Information shown:
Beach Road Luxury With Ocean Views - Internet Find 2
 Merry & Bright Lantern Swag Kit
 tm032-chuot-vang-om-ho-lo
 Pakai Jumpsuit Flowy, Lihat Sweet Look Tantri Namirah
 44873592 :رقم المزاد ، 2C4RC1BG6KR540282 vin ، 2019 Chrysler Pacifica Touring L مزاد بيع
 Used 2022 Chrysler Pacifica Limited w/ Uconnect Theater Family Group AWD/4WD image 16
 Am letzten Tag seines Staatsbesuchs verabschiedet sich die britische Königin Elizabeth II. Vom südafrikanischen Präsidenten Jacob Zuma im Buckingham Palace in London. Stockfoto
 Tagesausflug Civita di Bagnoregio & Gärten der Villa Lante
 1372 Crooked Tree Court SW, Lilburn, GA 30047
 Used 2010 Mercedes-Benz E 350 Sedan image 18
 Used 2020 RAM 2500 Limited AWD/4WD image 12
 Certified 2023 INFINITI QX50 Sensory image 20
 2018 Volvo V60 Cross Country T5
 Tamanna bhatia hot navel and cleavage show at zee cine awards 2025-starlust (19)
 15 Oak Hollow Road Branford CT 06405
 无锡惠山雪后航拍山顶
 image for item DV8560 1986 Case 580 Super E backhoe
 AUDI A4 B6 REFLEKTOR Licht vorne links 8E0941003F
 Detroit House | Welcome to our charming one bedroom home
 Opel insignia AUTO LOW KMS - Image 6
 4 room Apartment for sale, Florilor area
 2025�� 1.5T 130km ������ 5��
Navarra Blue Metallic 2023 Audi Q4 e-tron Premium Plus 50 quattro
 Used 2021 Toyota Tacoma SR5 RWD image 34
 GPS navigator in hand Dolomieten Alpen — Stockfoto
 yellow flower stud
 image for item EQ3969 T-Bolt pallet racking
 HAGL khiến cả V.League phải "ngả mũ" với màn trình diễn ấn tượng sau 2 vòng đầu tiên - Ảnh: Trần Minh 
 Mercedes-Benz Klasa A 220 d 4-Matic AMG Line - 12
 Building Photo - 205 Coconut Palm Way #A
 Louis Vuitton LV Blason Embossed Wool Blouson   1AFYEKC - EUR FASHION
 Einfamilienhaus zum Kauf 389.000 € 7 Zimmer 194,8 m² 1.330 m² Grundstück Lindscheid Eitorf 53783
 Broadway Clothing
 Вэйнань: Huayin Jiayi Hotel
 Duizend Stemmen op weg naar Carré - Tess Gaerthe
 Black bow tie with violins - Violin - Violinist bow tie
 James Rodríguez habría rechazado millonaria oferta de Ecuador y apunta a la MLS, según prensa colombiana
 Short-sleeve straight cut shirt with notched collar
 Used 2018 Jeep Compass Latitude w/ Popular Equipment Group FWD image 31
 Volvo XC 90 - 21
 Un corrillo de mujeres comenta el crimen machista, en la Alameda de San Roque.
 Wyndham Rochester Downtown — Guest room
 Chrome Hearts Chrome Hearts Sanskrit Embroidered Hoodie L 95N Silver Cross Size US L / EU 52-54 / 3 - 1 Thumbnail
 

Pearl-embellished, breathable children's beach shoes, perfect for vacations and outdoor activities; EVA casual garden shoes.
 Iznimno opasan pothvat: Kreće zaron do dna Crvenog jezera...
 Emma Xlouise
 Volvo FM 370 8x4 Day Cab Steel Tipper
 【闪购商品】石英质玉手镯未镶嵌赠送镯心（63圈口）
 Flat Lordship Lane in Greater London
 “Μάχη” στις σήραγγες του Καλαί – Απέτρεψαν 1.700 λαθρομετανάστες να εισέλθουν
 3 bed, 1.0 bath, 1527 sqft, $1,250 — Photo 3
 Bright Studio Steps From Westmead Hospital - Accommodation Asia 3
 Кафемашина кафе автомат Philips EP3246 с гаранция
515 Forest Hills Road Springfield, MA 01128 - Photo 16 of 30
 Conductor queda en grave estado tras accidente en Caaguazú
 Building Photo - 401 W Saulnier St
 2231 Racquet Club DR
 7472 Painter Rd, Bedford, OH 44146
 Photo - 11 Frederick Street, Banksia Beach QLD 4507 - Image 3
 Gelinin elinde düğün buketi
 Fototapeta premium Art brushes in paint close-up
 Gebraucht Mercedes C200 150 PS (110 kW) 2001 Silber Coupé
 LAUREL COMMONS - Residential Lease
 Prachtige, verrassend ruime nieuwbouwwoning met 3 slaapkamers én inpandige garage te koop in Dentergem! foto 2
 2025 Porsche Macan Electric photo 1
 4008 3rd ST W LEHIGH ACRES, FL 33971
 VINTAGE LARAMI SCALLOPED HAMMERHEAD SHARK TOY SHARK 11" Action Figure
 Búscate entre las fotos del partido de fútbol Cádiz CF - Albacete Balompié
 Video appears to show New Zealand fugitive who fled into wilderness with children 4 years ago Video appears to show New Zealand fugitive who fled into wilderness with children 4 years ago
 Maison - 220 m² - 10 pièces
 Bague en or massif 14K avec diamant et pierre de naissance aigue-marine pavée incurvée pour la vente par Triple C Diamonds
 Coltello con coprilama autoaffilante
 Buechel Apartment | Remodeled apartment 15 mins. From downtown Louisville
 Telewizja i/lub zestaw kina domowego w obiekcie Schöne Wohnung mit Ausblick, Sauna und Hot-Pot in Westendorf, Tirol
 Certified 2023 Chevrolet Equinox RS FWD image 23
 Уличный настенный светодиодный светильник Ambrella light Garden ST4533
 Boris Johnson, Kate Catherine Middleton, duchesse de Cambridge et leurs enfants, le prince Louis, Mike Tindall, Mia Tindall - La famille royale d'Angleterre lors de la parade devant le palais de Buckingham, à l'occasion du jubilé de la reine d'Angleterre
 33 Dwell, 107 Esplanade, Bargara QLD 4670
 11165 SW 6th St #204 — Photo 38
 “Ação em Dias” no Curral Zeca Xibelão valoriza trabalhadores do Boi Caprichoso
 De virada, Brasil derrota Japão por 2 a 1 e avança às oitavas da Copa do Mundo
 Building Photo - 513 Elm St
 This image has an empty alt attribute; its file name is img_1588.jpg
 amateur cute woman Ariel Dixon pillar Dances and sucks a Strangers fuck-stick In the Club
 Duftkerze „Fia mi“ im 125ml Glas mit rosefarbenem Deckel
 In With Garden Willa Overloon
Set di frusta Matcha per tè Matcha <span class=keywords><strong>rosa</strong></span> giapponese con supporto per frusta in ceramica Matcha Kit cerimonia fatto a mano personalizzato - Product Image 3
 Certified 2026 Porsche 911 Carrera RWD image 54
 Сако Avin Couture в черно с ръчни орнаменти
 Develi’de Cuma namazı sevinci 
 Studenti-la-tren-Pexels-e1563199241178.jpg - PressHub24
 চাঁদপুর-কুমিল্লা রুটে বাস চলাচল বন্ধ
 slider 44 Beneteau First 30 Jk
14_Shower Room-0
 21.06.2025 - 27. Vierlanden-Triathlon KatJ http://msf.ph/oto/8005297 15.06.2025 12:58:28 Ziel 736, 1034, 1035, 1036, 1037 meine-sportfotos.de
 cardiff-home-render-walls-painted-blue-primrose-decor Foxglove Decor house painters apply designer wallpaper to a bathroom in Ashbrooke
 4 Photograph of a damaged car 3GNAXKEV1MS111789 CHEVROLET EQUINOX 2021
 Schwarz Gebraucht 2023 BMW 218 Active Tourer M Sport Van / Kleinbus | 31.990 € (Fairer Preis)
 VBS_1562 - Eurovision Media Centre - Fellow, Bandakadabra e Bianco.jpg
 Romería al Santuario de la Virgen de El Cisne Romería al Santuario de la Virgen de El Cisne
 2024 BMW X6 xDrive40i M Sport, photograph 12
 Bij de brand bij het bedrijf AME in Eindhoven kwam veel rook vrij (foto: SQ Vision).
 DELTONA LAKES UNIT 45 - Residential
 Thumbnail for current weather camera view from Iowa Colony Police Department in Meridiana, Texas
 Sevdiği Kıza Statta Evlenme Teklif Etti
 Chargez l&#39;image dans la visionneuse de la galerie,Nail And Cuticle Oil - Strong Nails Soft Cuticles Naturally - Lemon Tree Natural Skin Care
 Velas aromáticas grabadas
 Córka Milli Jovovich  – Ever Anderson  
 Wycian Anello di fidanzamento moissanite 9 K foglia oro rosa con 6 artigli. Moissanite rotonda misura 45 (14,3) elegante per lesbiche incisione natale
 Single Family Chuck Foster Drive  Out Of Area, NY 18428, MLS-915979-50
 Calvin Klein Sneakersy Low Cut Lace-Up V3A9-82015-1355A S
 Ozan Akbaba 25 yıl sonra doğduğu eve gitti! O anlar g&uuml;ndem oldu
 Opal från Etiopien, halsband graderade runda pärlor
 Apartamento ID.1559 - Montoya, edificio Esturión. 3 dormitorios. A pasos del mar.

What the task asks:
Nothing should be returned except the lines from the one containing "Córka Milli Jovovich  – Ever Anderson" through the last line of the data, each restated word for word.

Result:
 Córka Milli Jovovich  – Ever Anderson  
 Wycian Anello di fidanzamento moissanite 9 K foglia oro rosa con 6 artigli. Moissanite rotonda misura 45 (14,3) elegante per lesbiche incisione natale
 Single Family Chuck Foster Drive  Out Of Area, NY 18428, MLS-915979-50
 Calvin Klein Sneakersy Low Cut Lace-Up V3A9-82015-1355A S
 Ozan Akbaba 25 yıl sonra doğduğu eve gitti! O anlar g&uuml;ndem oldu
 Opal från Etiopien, halsband graderade runda pärlor
 Apartamento ID.1559 - Montoya, edificio Esturión. 3 dormitorios. A pasos del mar.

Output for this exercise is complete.